Corresponde, en primer lugar, a la celebración de los 50 años del Consejo Regional Indígena del Cauca – CRIC, primera organización regional destinada a plantear sus reivindicaciones ante el Estado y la sociedad. Veinte años después, en julio de 1991, se aprobó una nueva constitución. Desde entonces, esta ha transformado la definición de la nación, en nombre de su diversidad étnica y cultural. Al cabo de tres décadas, tal giro hacia el multiculturalismo ha pasado por la prueba de la experiencia.
Si bien ha favorecido un reconocimiento oficial para los pueblos indígenas, las prácticas igualmente han demostrado limitaciones, retrocesos y fallas frente a dicho principio. Finalmente, han transcurrido cinco años desde la firma del Acuerdo para “la terminación del conflicto armado y la construcción de una paz estable y duradera”, que propuso –también– involucrar a los pueblos indígenas en semejante desafío. Al respecto, incluye un “Capítulo étnico” y una serie de cláusulas basadas en la necesidad de su “trato diferencial”.
Con un grupo de estudiantes, abordamos –entre otros– estos temas, en el marco de un curso enfocado en “pueblos indígenas y política”. Allí, compartimos reflexiones sobre su inserción en las coyunturas (sub)nacionales. Nos referimos, por ejemplo, al proyecto de unidad que dimana del movimiento indígena, pero también a sus divisiones internas; a cómo quienes toman parte en el juego electoral, en nombre de sus organizaciones, enfrentan retos de representación; a las dificultades ligadas al funcionamiento de la consulta previa y la jurisdicción especial indígena; de manera más general, a la forma cómo no deja de estar puesta en entredicho la autonomía constitucionalmente plasmada y cómo, frente a ello, se mantienen la resistencia y la solidaridad, a través de las mingas. Pero, sobre todo, se destaca un asunto tan preocupante como recurrente. Semana tras semana, se amplía el número de líderes y activistas, hombres y mujeres indígenas, asesinados, masacrados, amenazados, desplazados, abusados, asustados –entre ellxs, también, menores de edad. Semana tras semana, y hasta día tras día, van así en aumento los registros de crímenes. Según el Instituto de Estudios para el Desarrollo y la Paz (Indepaz), hasta el martes 20 de abril se rastreó 52 defensores de derechos humanos asesinados en el 2021, de los cuales 18 indígenas. Y, por cierto, la cuestión no es de cifras, sino de vidas. Este día, fue arrebatada la de Sandra Liliana Peña autoridad del pueblo nasa, gobernadora del Cabildo de La Laguna – Siberia, en el Cauca.

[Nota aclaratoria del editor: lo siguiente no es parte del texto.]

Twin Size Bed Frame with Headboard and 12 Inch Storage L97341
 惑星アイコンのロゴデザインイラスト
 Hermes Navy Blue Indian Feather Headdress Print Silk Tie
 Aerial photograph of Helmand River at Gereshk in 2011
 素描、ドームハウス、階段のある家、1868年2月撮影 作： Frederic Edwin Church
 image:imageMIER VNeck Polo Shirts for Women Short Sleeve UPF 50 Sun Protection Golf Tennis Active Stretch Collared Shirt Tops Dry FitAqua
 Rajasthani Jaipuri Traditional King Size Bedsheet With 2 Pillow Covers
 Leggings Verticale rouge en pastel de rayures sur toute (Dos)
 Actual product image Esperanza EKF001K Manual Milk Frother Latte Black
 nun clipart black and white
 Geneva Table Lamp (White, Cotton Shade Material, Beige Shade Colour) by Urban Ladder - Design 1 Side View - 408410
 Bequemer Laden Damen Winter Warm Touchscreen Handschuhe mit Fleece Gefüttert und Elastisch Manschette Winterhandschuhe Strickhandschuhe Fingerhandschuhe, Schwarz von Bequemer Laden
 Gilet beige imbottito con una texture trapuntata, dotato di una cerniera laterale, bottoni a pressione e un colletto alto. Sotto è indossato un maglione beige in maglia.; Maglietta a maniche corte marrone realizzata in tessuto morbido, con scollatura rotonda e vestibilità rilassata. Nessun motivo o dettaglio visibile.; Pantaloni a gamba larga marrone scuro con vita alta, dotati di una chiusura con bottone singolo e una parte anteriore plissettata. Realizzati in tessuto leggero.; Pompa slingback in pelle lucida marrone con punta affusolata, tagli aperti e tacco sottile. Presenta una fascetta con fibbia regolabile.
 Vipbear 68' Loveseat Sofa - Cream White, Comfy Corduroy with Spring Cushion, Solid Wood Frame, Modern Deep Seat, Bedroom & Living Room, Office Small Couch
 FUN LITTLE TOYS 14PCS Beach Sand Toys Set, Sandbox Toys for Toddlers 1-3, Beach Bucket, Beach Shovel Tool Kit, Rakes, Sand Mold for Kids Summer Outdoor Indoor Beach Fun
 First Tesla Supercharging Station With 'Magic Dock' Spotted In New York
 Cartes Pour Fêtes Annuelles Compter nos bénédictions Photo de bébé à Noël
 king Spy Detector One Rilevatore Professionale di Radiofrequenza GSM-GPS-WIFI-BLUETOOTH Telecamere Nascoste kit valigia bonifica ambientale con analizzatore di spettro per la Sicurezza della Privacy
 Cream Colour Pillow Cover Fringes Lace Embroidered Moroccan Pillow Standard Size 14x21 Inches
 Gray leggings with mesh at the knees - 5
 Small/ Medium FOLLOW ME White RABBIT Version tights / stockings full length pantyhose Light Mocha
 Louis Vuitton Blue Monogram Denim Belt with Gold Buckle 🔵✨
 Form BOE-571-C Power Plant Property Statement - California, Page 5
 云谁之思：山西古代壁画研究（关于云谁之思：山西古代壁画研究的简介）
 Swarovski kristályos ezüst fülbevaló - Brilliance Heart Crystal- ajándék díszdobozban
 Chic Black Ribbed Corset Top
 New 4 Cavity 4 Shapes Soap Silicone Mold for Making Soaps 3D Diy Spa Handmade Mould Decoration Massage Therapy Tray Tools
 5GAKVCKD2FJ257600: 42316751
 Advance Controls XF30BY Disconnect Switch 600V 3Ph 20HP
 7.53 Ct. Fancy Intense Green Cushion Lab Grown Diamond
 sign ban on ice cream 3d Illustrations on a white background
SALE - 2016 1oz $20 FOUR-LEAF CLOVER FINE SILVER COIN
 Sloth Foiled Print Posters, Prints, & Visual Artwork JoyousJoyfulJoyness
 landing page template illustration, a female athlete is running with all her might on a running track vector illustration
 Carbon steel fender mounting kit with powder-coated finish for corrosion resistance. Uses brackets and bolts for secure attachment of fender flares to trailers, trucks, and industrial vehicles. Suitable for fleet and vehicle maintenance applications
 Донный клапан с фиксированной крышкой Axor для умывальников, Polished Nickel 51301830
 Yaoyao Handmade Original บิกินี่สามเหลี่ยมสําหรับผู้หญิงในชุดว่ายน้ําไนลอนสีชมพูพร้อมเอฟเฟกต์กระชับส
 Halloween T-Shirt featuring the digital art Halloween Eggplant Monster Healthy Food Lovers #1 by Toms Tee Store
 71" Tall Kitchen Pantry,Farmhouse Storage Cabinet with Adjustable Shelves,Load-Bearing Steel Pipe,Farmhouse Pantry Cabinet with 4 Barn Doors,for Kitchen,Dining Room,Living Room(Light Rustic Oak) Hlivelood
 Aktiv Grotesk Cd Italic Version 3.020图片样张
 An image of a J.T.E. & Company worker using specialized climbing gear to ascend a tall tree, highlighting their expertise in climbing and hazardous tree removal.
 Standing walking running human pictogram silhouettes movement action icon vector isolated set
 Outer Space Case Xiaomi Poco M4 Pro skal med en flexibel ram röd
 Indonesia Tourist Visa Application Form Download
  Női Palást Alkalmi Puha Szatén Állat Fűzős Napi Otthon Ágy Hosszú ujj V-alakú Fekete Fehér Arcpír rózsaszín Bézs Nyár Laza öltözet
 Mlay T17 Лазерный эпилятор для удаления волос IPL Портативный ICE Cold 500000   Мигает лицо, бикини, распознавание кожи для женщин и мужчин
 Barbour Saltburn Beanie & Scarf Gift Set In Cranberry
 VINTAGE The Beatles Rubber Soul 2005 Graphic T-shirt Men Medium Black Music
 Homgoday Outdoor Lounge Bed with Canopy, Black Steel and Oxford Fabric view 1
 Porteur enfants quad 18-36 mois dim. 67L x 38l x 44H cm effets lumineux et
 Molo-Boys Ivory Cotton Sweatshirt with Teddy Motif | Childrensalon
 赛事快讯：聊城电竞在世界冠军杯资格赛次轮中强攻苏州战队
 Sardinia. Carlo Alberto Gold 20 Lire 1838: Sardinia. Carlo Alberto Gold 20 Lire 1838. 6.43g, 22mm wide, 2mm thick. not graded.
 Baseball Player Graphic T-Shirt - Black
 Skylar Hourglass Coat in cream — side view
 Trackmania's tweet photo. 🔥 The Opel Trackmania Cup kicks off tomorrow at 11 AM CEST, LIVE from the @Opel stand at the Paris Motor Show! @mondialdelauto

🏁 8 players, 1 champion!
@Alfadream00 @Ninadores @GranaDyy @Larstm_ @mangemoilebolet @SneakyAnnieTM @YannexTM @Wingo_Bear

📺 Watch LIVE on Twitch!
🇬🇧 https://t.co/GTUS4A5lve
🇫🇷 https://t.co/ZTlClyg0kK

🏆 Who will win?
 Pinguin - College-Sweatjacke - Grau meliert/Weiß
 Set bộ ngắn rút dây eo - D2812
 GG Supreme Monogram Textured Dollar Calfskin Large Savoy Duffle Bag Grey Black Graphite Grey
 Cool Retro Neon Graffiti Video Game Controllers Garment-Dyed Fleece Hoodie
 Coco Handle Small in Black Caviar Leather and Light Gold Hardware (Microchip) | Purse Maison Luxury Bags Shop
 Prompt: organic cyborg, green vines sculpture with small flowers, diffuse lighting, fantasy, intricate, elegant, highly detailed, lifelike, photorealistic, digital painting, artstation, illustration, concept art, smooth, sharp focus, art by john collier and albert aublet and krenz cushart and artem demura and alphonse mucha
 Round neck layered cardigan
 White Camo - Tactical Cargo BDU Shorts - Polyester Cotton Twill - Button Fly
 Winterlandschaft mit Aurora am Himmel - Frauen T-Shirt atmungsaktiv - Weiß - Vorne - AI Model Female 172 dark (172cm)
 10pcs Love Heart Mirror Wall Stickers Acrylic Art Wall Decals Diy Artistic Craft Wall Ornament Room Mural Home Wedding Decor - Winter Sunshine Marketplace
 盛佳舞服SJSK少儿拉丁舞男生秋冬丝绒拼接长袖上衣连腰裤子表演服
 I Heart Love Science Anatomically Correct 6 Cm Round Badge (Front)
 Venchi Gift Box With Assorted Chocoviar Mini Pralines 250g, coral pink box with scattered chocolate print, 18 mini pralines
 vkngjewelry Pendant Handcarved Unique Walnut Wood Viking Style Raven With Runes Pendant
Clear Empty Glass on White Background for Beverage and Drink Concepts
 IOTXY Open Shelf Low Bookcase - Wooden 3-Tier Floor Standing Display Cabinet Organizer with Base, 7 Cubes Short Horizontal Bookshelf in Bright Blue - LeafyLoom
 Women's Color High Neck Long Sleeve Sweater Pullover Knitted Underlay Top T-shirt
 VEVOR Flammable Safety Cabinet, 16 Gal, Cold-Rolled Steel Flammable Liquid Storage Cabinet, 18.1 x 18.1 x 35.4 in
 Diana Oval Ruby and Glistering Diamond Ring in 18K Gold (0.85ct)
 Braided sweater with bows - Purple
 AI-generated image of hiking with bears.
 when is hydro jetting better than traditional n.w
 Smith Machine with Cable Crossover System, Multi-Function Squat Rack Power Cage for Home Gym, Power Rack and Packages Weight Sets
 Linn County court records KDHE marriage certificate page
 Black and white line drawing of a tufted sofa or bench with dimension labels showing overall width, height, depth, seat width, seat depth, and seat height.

Dentro de este panorama, los pueblos indígenas han repetido desde hace años su oposición a la guerra y su voluntad de aportar para la paz . Insisten en rechazar la incursión de actores armados –ilegales y legales– en sus territorios y reclaman el respeto de los Acuerdos de paz; llaman a una veeduría nacional e internacional. Paralelamente, apelan hoy al apoyo de “todas las estructuras locales, zonales y regionales, a los gremios, organizaciones sociales, sindicales, comunitarias, estudiantiles, juveniles, afros, campesinos, defensores de derechos y comunidad en general, para que juntos, participe[n] activa y decididamente en [una] gran Minga Hacia Adentro ”. Con esta, proponen, “en cada uno de [sus] territorios, implent[ar] y fortalec[er] el control territorial para que las actividades que generan desarmonías y son contrarias a [su] cultura, sean erradicas”. Además de aspirar a proteger “el territorio, la unidad, la cultura y la autonomía”, la acción se orienta hacia la “defensa de la vida y la paz”. Esta es, sin duda, una prioridad para los pueblos indígenas. Seguramente, también concierne y debería motivar a toda Colombia. Porque, definitivamente, ¡BASTA YA!